Mozart had composed the symphony under discussion in July and August of 1782 for his friend Sigmund Haffner, on the occasion of his elevation to royalty. Mozart and Haffner were both born in Salzburg in the same year, but they moved in very different circles. The Mozarts were musicians and the Haffners among the town’s wealthiest, most prominent, and most distinguished families. Sigmund Haffner Senior was a successful wholesaler and even a former mayor of Salzburg. The reason their family became internationally famous is because Mozart composed for them a serenade—for the nuptials of Haffner’s sister, and the symphony mentioned above. Originally, the work had been scored for pairs of oboes, bassoons, horns, and trumpets in addition to timpani and strings. With the Viennese performance date fixed in the calendar, Mozart was looking to further embellish the work by adding flutes and clarinets to the outer movements. However, Mozart had other things on his mind as well, as he continues his letter.

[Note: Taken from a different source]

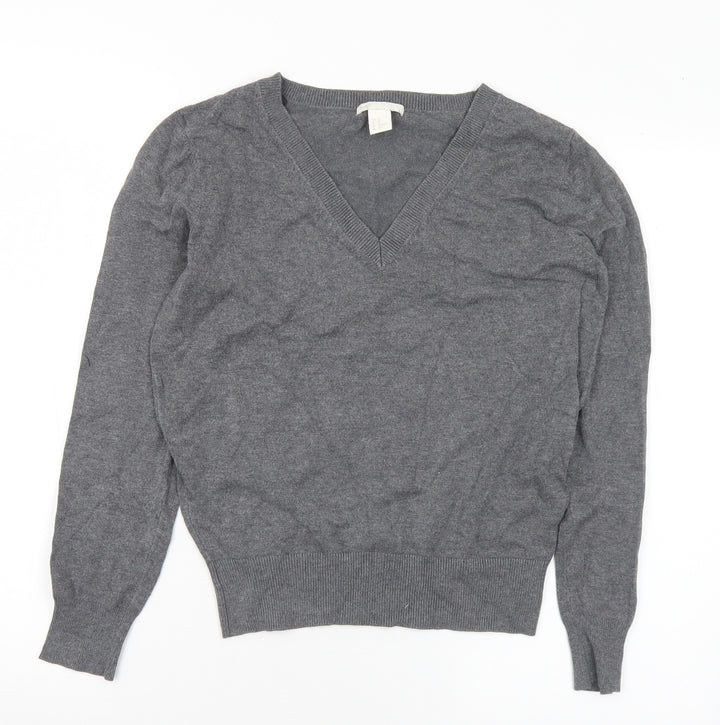 H&M Womens Grey V-Neck Viscose Pullover Jumper Size XS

Haffner Symphony Sigmund Haffner Gasse, Salzburg

Sigmund Haffner Gasse, Salzburg

“My opera was performed yesterday for the seventeenth time with the usual applause, and crowded audience. Next Friday a new opera is to be given, with music by a pupil of Wagenseil… I asked you in my last to remind Gatti about the Italian libretti, and I again repeat the request. Let me now tell you my idea. I do not believe that the Italian opera will be long carried on; for my part I prefer the German, even though it may cost me more trouble, still I like it best. Every nation has an opera of its own, why should not the Germans have one also?”